How significant was your visit to Azerbaijan in 2011 in order to boost bilateral relations?

It was the first visit of an Austrian President to Azerbaijan. I was accompanied by a large business delegation, and I recall clearly that HE President Aliyev praised a number of Austrian companies, which are already operating successfully in Azerbaijan. The business forum held in Baku during my visit helped to establish new business contacts. However, our relations should not be reduced to economic questions. We are also attaching great importance to the strengthening of cultural relations.

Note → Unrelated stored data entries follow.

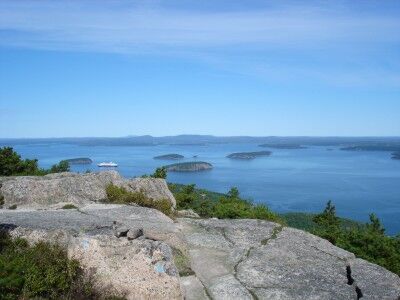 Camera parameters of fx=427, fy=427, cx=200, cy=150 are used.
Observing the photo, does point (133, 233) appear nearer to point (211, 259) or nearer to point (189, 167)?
point (211, 259)

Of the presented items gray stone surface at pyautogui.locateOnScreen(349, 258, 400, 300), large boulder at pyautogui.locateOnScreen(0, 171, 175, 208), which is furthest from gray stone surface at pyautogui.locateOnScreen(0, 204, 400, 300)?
large boulder at pyautogui.locateOnScreen(0, 171, 175, 208)

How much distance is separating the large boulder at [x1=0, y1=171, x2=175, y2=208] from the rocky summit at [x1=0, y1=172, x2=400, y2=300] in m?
0.54

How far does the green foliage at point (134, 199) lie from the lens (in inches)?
518

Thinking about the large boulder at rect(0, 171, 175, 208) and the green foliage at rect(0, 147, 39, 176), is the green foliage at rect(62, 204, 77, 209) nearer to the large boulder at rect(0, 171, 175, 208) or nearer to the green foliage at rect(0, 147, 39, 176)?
the large boulder at rect(0, 171, 175, 208)

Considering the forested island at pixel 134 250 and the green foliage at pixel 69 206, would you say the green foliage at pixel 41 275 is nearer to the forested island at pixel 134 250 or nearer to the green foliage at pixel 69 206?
the forested island at pixel 134 250

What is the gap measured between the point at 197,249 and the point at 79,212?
3793 millimetres

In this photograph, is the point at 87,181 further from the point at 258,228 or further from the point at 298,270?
the point at 298,270

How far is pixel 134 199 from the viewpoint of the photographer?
1350cm

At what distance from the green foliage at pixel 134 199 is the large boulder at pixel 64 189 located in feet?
0.86

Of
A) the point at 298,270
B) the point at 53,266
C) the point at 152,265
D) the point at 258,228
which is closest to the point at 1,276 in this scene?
the point at 53,266

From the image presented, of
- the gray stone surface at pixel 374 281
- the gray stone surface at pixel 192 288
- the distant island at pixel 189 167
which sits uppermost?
the gray stone surface at pixel 192 288

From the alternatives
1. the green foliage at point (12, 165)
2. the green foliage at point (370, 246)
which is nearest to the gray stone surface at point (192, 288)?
the green foliage at point (370, 246)

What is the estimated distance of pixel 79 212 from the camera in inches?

Over the last four years, a number of agreements have been concluded between our Ministries of Culture, universities, and national libraries as well.

How would you assess the state of relations between both countries and its evolution over the years?

Excellent! In 2012 we are celebrating 20 years of friendly diplomatic relations. The opening of an Austrian Embassy in Baku in 2010 and my visit are clear signs. I am looking forward to the return visit by HE President Aliyev, which is planned for 2012. The conclusion of a Memorandum of Understanding (MoU) on education will give further impetus to our bilateral relations.

What is the geostrategic situation of Azerbaijan within Austria's international focus?

Azerbaijan is strategically placed in its region and is an important player there. The South Caucasus region is of strategic importance. This goes beyond the interest in energy cooperation. We value the contribution of Azerbaijan to regional stability and its insights into developments in neighboring countries.

The Austrian-Azerbaijani Chamber of Commerce (ATAZ) is planning to stage the “Central European & Azerbaijani Investment and Trade Summit" in Vienna in 2012. How would you assess the role of ATAZ in developing relations between both countries?

I welcome all efforts aimed at further intensifying our relationship. The role ATAZ is playing is particularly important. The planned investment and trade summit will underline the role of Vienna as a hub for doing business in Central Europe.

What are your future expectations in terms of Austria-Azerbaijan relations, especially on the expansion of trade?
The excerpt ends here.